The first bill, proposed by Democrats, called for extending ACA subsidies for three years. The second bill, offered by Republicans, would have created new health savings accounts to assist Americans with medical expenses but would not have restored the tax credits.  

 

House Speaker Mike Johnson (LA) said he is committed to holding a vote on health care next week. But so far members have failed to reach consensus regarding legislative options. A group of moderate Republicans upended discussions on Wednesday by introducing a discharge petition to force a vote on a bill to extend ACA tax credits for two years.

 

“Millions of older Americans rely on the Affordable Care Act for health coverage. They shouldn’t have to deal with huge premium increases at a time when they’re already struggling to afford necessities because Congress can’t get its act together,” said Robert Roach, Jr., President of the Alliance. “It’s time for lawmakers to take action and fix the health care crisis. Health care should be accessible and affordable for all of us.”

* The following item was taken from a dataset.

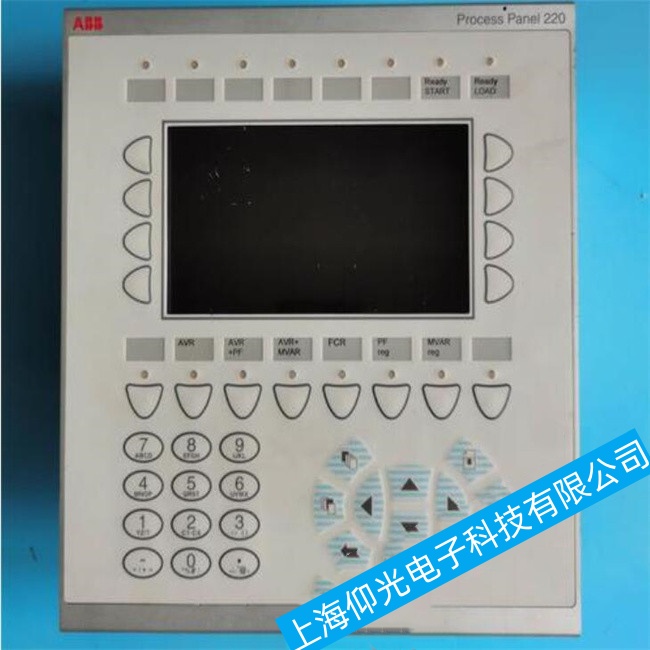 �Ϸ�ABB���ؙC(j��)AC800M���_(k��i)�C(j��)���@ʾ���](m��i)�з���(y��ng)���ϾS���ٶȿ�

Medicare Scam Calls Reach Critical Level for Seniors

A news report from the New York Times this week showed how intrusive scam calls have become during Medicare’s annual open enrollment period. Complaints about fraudulent calls have increased 40 percent over the last year.

 

Scammers typically impersonate health care professionals or insurance providers to get personal details they can use to make a profit by fraudulently billing the victim’s Medicare account and/or secondary insurer for services they didn’t actually request, often distorting the victim’s medical records as a result. Some scammers use information they have already compiled about older Americans, including Social Security or Medicare numbers, to establish credibility during calls and extract more details to add to their data troves.

 

Seniors will receive up to dozens of calls each day, seeking personal information or offering benefits they already have. The calls happen throughout the day, making their phones unusable and basic daily life nearly impossible for victims. Calls often continue despite efforts to block numbers.

 

Open enrollment season is an especially vulnerable time for many seniors, and scammers exploit the anxieties and questions. Unfortunately for many, calls often continue after the period is over.

 

“Medicare officials will never call beneficiaries unsolicited and ask them for personal details or payment information,” said Joseph Peters, Jr., Secretary-Treasurer of the Alliance. “Seniors can fight back by hanging up and reporting suspicious callers, looking out for medical services or devices listed on statements that they did not request, and contacting their local Senior Medicare Patrol office for help.”

KFF Health News: Trump’s Idea for Health Accounts Has Been Tried. Millions of Patients Have Ended Up in Debt.
By Noam N. Levey

Sarah Monroe once had a relatively comfortable middle-class life.

 

She and her family lived in a neatly landscaped neighborhood near Cleveland. They had a six-figure income and health insurance. Then, four years ago, when Monroe was pregnant with twin girls, something started to feel off.

 

“I kept having to come into the emergency room for fainting and other symptoms,” recalled Monroe, 43, who works for an insurance company.

 

The babies were fine. But after months of tests and hospital trips, Monroe was diagnosed with a potentially dangerous heart condition.

 

It would be costly. Within a year, as she juggled a serious illness and a pair of newborns, Monroe was buried under more than $13,000 in medical debt.

 

Part of the reason: Like tens of millions of Americans, she had a high-deductible health plan. People with these plans typically pay thousands of dollars out of their own pockets before coverage kicks in.